Is there anything you saw that you would like to incorporate into your job or business?
Compaq showed us innovative solutions. I was impressed by breakthroughs it had made to cope with large-volume transactions. It is now delivering client/server wide area networks that can cope with workloads associated with mainframes.

In San Francisco, we visited several companies working at the forefront of knowledge exploitation technologies and the tools to extract knowledge. But they were still struggling with the issue of how to integrate structured and unstructured data in an intelligent manner. The demand for this will grow.

How will this experience help you in your job?
We are essentially a research and development organisation so a big part of my job is getting out and finding out about the latest and best technologies. As chief information officer, I have to translate to the business how we can exploit these and make opportunities for ourselves.


Jennifer Allerton
Chief information officer of financial services company Barclaycard

Why did you go?
I joined Barclaycard in 1999 and wanted to see what ideas were coming out of Silicon Valley from the view of the credit card industry.

Is there anything you saw that you would like to incorporate into your job or business?
In terms of up-and-coming technologies, I was interested in some developments in voice recognition.
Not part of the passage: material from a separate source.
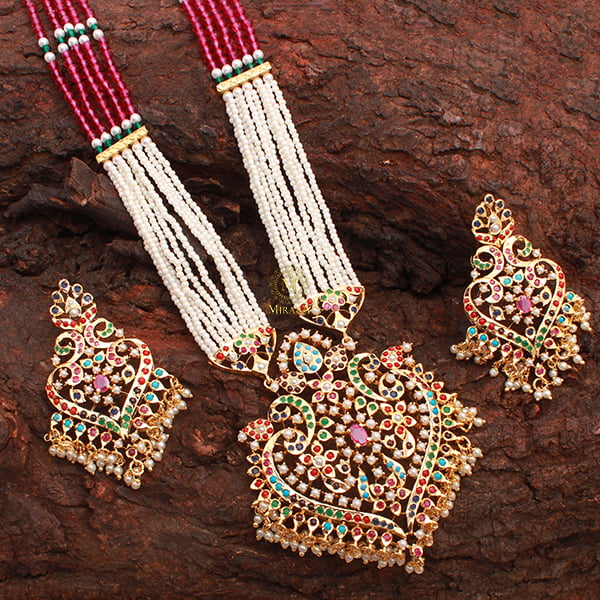 Mayuri Jadau Navratan Long Rani Haar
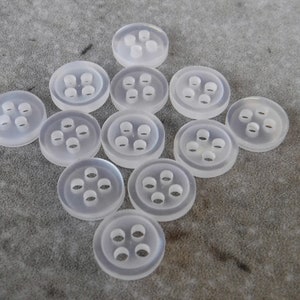 20 White Glassy Thin Rim Mini Round Buttons Size 5/16&quot;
In the US, they are looking at using it to stop fraud from catalogue and TV shopping. I am looking at its potential to curb credit card fraud.

Internet security firm Exodus, which does work with the FBI, had some interesting things to say about "social engineering". That's not the nuts-and-bolts of Internet security but the things companies can do to stop breaches of IT security through non-IT related activities.

Compaq demonstrated what it calls "non-stop computing" - this is real-time processing of accounts and gets away from the need for batch processing where a window has to be made available every 24 hours. This is of great interest to financial services companies.

Banking is far removed from the nine-to-five, Monday to Friday industry it used to be - the Internet has taken it global. Being open at all times gives a real competitive advantage.

How will this experience help you in your job?
In the US, people don't waste time planning projects, they get on with doing it. There is also less of a stigma related to failure. It is even good to have a "crash and burn" on your CV - it shows that you are willing to take risks, to think outside the box.

Bringing that entrepreneurial spirit to a company with the resources that Barclaycard has is very appealing. We are slowly developing this culture and have brought in American colleagues, who help to instil fresh ideas.

Neil Wells
Group IT director of construction company Wates

Why did you go?
The Impact trip to Silicon Valley combines several key elements of a good fact-finding trip. Going to the "horse's mouth", which is California, with a team of your peers is very instructive. You get to see new technologies but you also get a synthesised view through colleagues and fresh perspectives from senior IT people working in such diverse industries as financial services and government agencies.

What were your impressions of Silicon Valley? Why has it become a hotbed for technological progression?
There are several reasons why California has developed as the centre of the technology world. San Francisco is liberal and encourages thinking out-of-the-box, while the area is a financial centre with good business links.

There is a genuine community of like-minded people, all sparking off each other which has created a certain impetus and an ideal climate for thought leadership. In the UK, I feel we haven't reached this critical mass.

Is there anything you saw that you would like to incorporate into your job or business?
I was interested in the way application service providers are moving forward. At Wates, we already use this business model for some applications. The building industry is waking up to this model, which I can see becoming popular as companies aim to concentrate on their core businesses.

I also picked up tips about collaborative working using the Internet. This would be very powerful in the building industry where there are many disparate functions that come together on a project. Working collaboratively allows everyone to know at what stage a project is - it makes the relationship between all the fragmented parties richer.

We also saw niche players in the knowledge management market. Knowledge working is easy to explain but difficult to implement. For many companies, the early game is expensive while the business imperatives aren't clear enough yet.

How will this experience help you in your job?
It is important to keep abreast of the up-and-coming technologies as it helps you to anticipate when you might adopt a new technology. It helps colour your roadmap for the next couple of years. One is always under pressure from well-informed users who want to know where the IT department is heading.